Why it’s Not Difficult to Train A Neural Network with a Dynamic Structure Anymore!

TLDR; Finally, the open source community addressed the demands for dynamic structure in Neural Networks. We saw 3 major library releases in last 3 months that support dynamic structures.

  1. Tensorflow Fold (Google)
  2. Dynet (CMU)
  3. Pytorch (Twitter, NVIDIA, SalesForce, ParisTech, CMU, Digital Reasoning, INRIA, ENS)

At Innoplexus, we compile information from structured, unstructured and semi-structured sources to assist our customers in making real time decisions. To achieve this speed we convert text in natural language from unstructured sources to properly structured representation. Since speed is a major bottleneck, our NLP systems are based on the recurrent structure of language due to the ready availability of tools and distribution of computation over multiple machines.

Over the course of time, we realized the limitations of recurrent approaches like LSTM and GRU which try to fit recursive natural language into a sequential framework. This leads to loss of syntactical information in information processing task. But unfortunately implementing recursive neural networks from scratch can turn out to be a nightmare since it involves writing complex backprop code with very high precision.

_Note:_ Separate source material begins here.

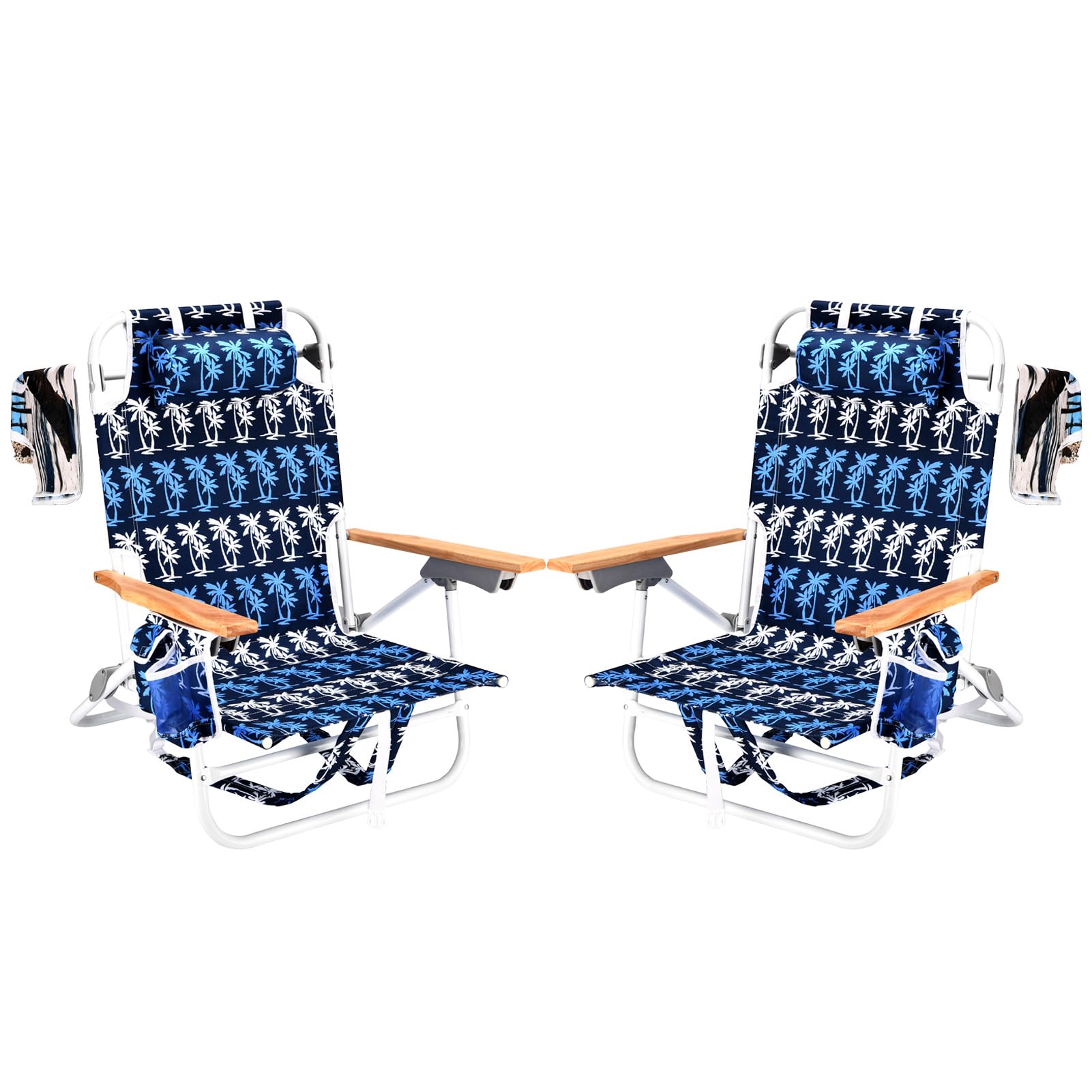 2 Pack Heavy Duty Beach Chairs for Adults - 300LB Capacity Folding Reclining Chairs with Adjustable 5-Position Backrest, Storage Pouch & Carry Straps - Lightweight Aluminum Frame (Black) - Perfect for Beach, Camping, Picnics & Outdoor Relaxation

The majority of ML libraries like Tensorflow, Torch or Theano allow the creation of a static network which restricts the change in the structure of network as a function of the input. This turns out to be a significant limitation in Natural Language Processing/Understanding where syntactic information is encoded in a parse tree which varies as a function of the input text. Many applications like Syntactic Parsing, Machine Translation and Sentiment Analysis require syntactical information along with semantic. Due to the unavailability of any framework, developers use to end up implementing training procedures in Numpy. This turns out to be very error prone and is a tedious task which has to be performed with high precision.

We faced a similar problem while implementing an Entity Extractor at Innoplexus. It uses semantically united recursive neural nets which has a tree like structure. Due to unavailability of any framework that supported dynamic structure we ended up implementing it in Tensorflow. This caused heavy loads on our computational graph which made our training process slow and memory inefficient. Moreover, deciding a batch size to flush the graph became a critical question to the training process. Just when we were about to rewrite the entire training procedure in Numpy to speed things up, we came across Dynet.

DyNet (formerly known as cnn) is a neural network library developed by Carnegie Mellon University and many others. It is written in C++ (with bindings in Python) and is designed to be efficient when run on either CPU or GPU, and to work well with networks that have dynamic structures that change for every training instance.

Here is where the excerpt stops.